Locking down the UCI data
Perhaps no single move demonstrated Cookson’s resolve more than what happened within minutes of winning the election in September.
Upon hearing the news of Cookson’s victory in Italy, an information security company moved into the UCI offices and backed up and locked down all data and communications going back to the first computer systems at the governing body.
Cookson said this extraordinary step was necessary to protect the integrity of any future investigations and safeguard his mandate.
“It was a premeditated step and a precaution. And it was essential,” Cookson said. “If we hadn’t done that, we would have been criticized about letting some critical information slip away.”
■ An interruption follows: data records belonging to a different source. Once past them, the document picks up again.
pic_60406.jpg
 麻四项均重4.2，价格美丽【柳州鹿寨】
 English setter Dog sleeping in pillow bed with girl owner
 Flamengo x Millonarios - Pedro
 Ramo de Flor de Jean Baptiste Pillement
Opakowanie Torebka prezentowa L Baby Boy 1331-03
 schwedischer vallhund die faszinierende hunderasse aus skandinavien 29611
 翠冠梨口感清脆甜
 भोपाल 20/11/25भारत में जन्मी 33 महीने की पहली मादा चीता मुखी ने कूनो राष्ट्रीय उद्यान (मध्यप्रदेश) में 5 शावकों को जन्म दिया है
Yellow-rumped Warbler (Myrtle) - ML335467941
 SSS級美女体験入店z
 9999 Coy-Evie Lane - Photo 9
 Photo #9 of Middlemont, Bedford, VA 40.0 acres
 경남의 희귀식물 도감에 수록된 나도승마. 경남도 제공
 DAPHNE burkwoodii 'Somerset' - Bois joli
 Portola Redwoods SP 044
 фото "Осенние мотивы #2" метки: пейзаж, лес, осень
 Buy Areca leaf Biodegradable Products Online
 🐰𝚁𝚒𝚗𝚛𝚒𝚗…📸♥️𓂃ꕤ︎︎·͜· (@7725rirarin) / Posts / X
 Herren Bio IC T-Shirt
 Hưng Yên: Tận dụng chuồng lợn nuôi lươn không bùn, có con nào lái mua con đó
Intent on removing the shadow of doubt that’s hung over the UCI since the revelations that came with the Lance Armstrong investigation in 2012, Cookson said an independent panel would have full access to UCI communications and data.
“We locked it in a safe, under lock and key, and it will only be released on my say-so,” Cookson said. “I will release it to the president of the independent commission when they ask for it. And they can use it as they see fit.”
Cookson said the action was not solely directed against McQuaid, as was reported in some media outlets last fall. Sources close to McQuaid, however, insisted that the former president also saw his personal computer retrieved by the security company, and that all e-mails and data were removed from the hard drive.
For Cookson, removing the stain of controversy from the UCI is essential before the governing body can move forward. And he’s hopeful that the independent commission will be able to achieve that.
“I am not pre-judging any of that, but the Armstrong case is one of several, and the allegations that have come out of that are very worrying ones. They have to be investigated properly,” Cookson said.
“Obviously, the people implicated in those allegations deserve a truly independent, objective investigation. If they are exonerated, then that’s great, and I would welcome that, but if they’re not, then we need to draw lessons from it.”
Moving on the ‘manifesto’
As Cookson admits, there are “a lot of spinning plates,” but he insists he’s galvanized by the challenge of the job and the sense of mission that comes with it.
“The biggest surprise has been the amount of commitment and excitement there is out there for cycling,” he said. “I’ve had so many people approach me, stop me in airports, to wish me good luck. It was a bit strange at first being recognized in public places, but it shows there is a massive amount of enthusiasm and public support for our sport.”
Central to Cookson’s mandate is the sweeping manifesto outlined in his campaign last year.
In late October, Cookson called a special session with the powerful UCI management committee to devise a plan to bring his campaign promises to fruition as quickly as is practically possible.
Here’s an update on the major points:
1. Independent commission
Central to Cookson’s agenda is a thorough investigation into allegations leveled against the UCI that were revealed during the USADA case against Lance Armstrong and other scandals. Cookson said it’s critical to the UCI’s reputation and standing that a credible and independent inquiry has a free hand.
• Where it stands: Cookson was hoping for an announcement before the holidays, but promised for movement by early 2014. Cookson said he’d like to have the inquiry headed by a three-member panel wrapped up within one year, but vowed not to set limits to its scope.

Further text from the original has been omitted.